Tudo parece indicar que também nós podemos ter uma primavera árabe. Utilizando redes sociais, os jovens concentram suas insatisfações num objeto de protesto, saem às ruas e passam a se confrontar com as autoridades locais. E o movimento se repete e se espalha. Entre nós espanta a rapidez com que se tem multiplicado pelo País afora.

Desde o início era nítido que a insatisfação não se limitava ao aumento do preço das passagens. Os jovens entrevistados na TV terminavam afirmando que, dada a péssima qualidade dos transportes públicos, estes não mereciam aumento nenhum. Daí a impropriedade daqueles que têm se oposto ao movimento recorrendo a argumentos técnicos: o custo do serviço, aumento menor do que a inflação, etc. Os jovens simplesmente estão dizendo que recebem um serviço inadequado e que não encontram canais políticos para exprimir suas insatisfações. Trata-se de uma crise de representação. Se eles estão subordinados ao ritual das eleições periódicas, estas pouco dizem a respeito de sua vida cotidiana. Os manifestantes são vozes sem voto efetivo.

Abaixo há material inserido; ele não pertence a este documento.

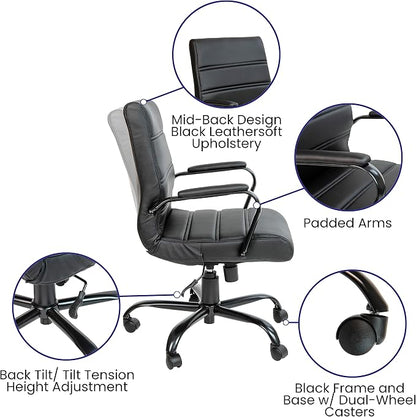 Flash Furniture Whitney Mid-Back Swivel LeatherSoft Desk Chair - Image 4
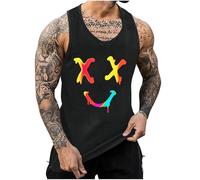 KOG Tank Top Herren Sport Tanktop Sommer Muskelshirt Ärmelloses Tee T-Shirt Grafik Lose Baumwolle Bekleidung Junge T-Shirts 2026 Oberteile Jungen Bequemes Top Schwarz 3XL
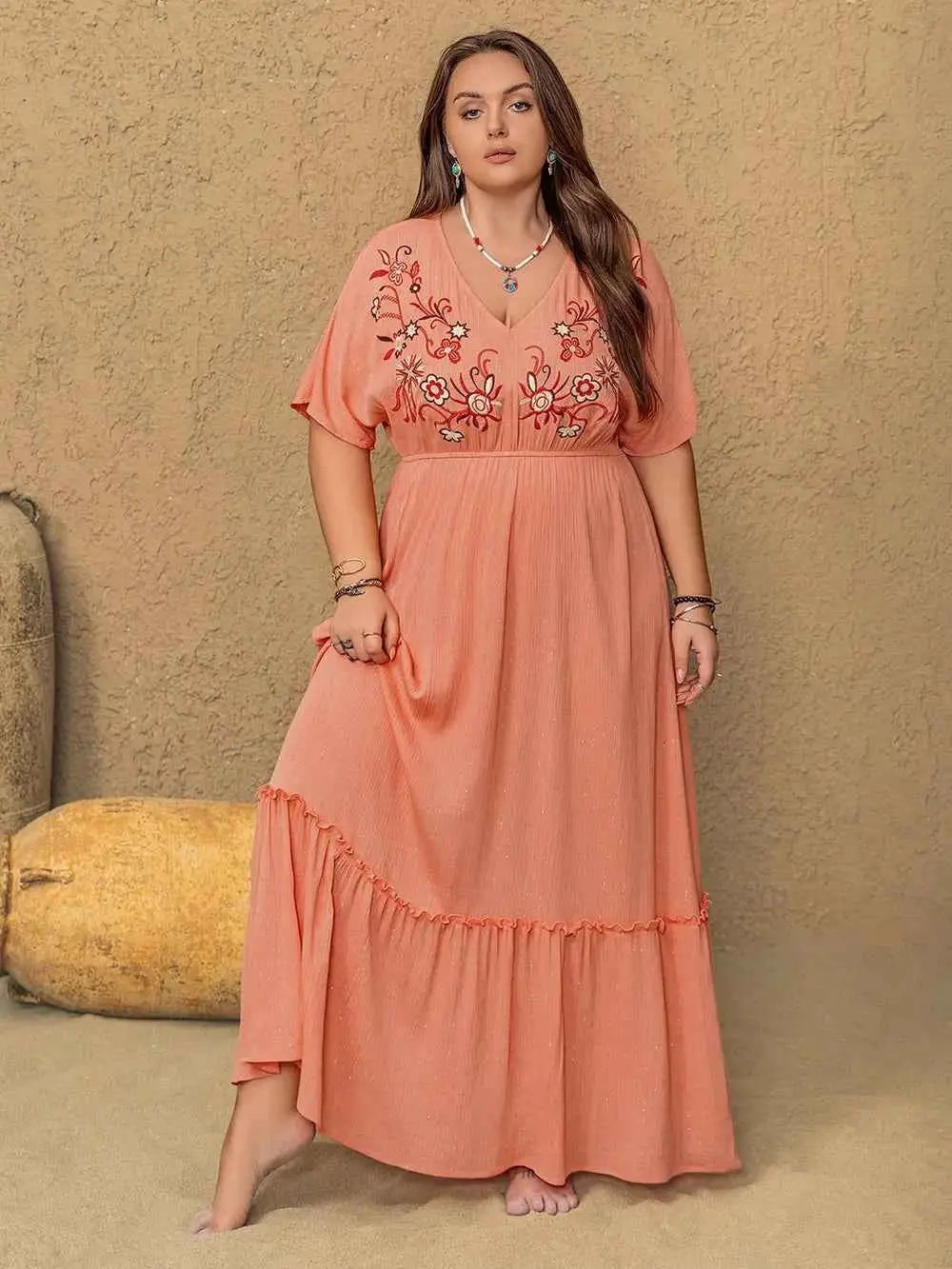 Plus Size Frill Embroidered V-Neck Half Sleeve Maxi Dress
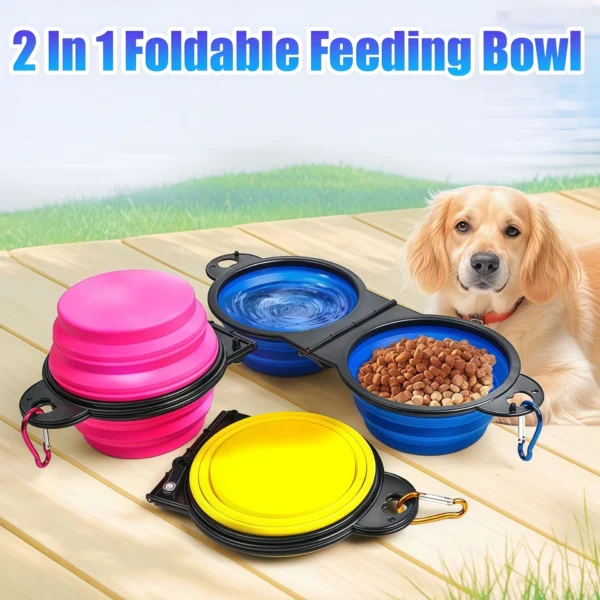 Collapsible Double Dog Bowl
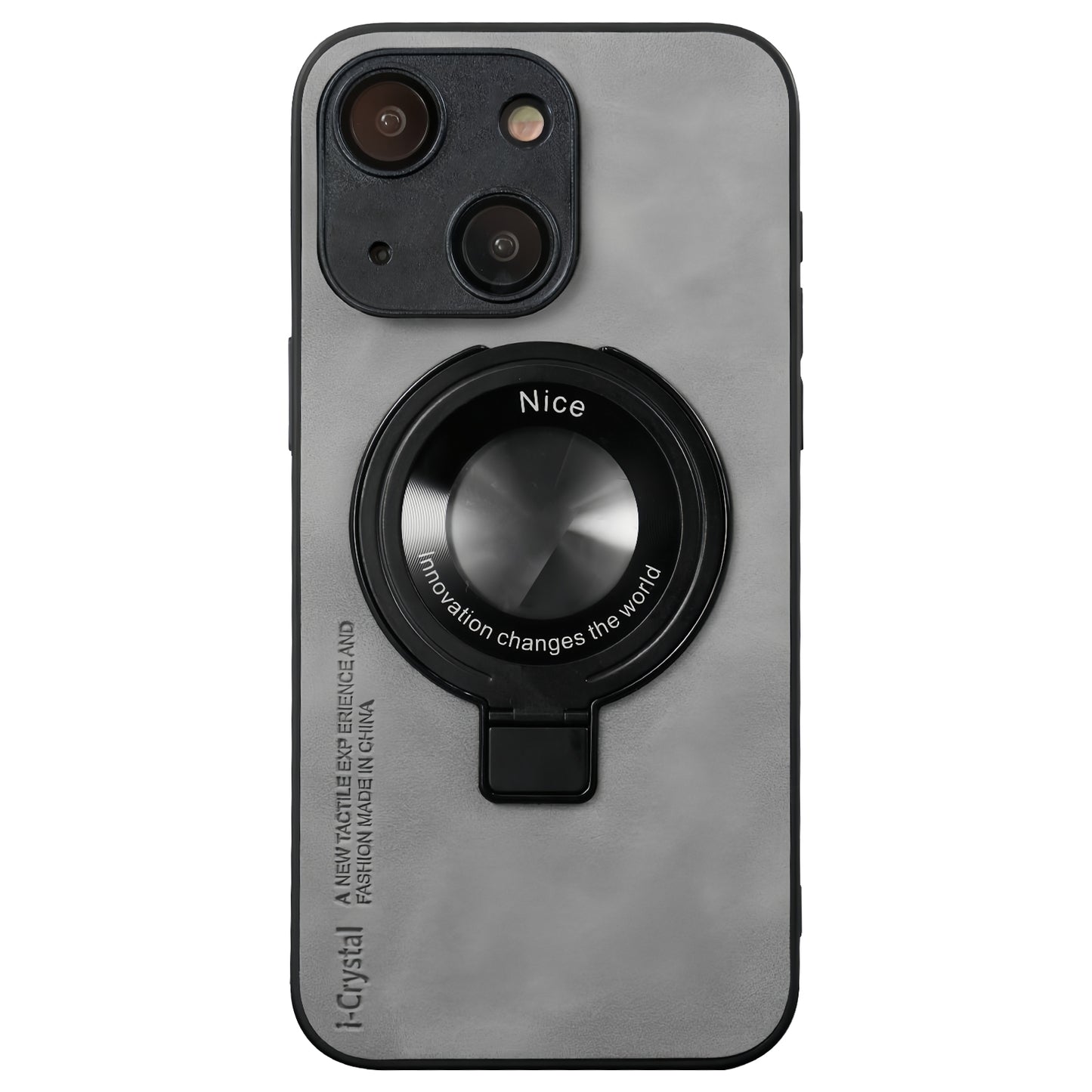 ELECTROPRIME For iPhone 15 i.Crystal Lambskin Fulcrum Support Phone Case(Light Grey)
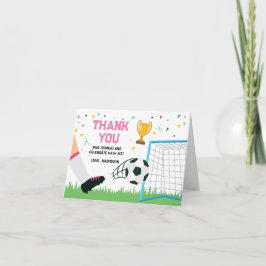 Letterpress Thank You Card Soccer Sport Birthday ( サンキューカード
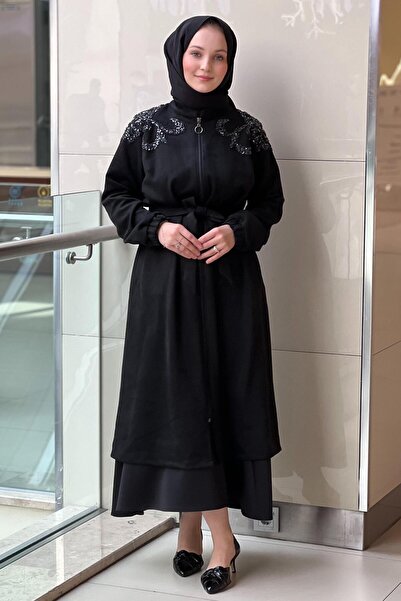 FUAT GÜRSEN Fuat Gürşen Omuzları Payet İşlemeli Fermurlı Kuşaklı Süet Kap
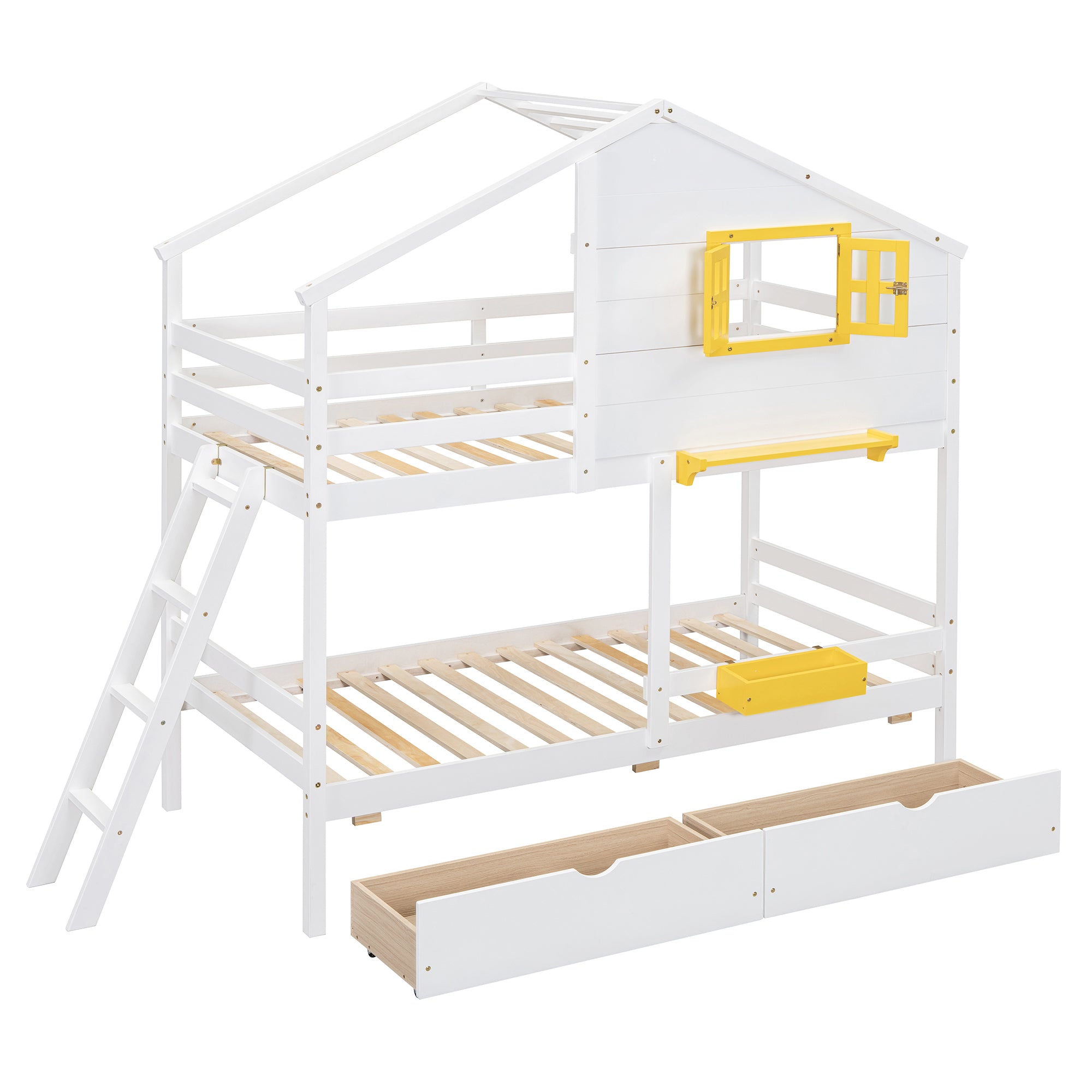 Twin Over Twin Bunk Bed with Playhouse Roof & Window - White Solid Wood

Caem no molhado as autoridades quando proclamam que, estando nós numa democracia, o protesto deveria ser ordeiro e conforme os canais competentes. Esses canais estão viciados. Daí a necessidade de transformar um incidente num evento político. E a manifestação assume esse caráter porque, mesmo deixando de formular palavras de ordem adequadas, as pessoas passam a manifestar suas contrariedades assumindo o risco de apanharem, de serem presas, de se machucarem e até mesmo de morrerem. Igualmente o risco de que baderneiros a elas se juntem, consequência, aliás, da fraca organização política do processo.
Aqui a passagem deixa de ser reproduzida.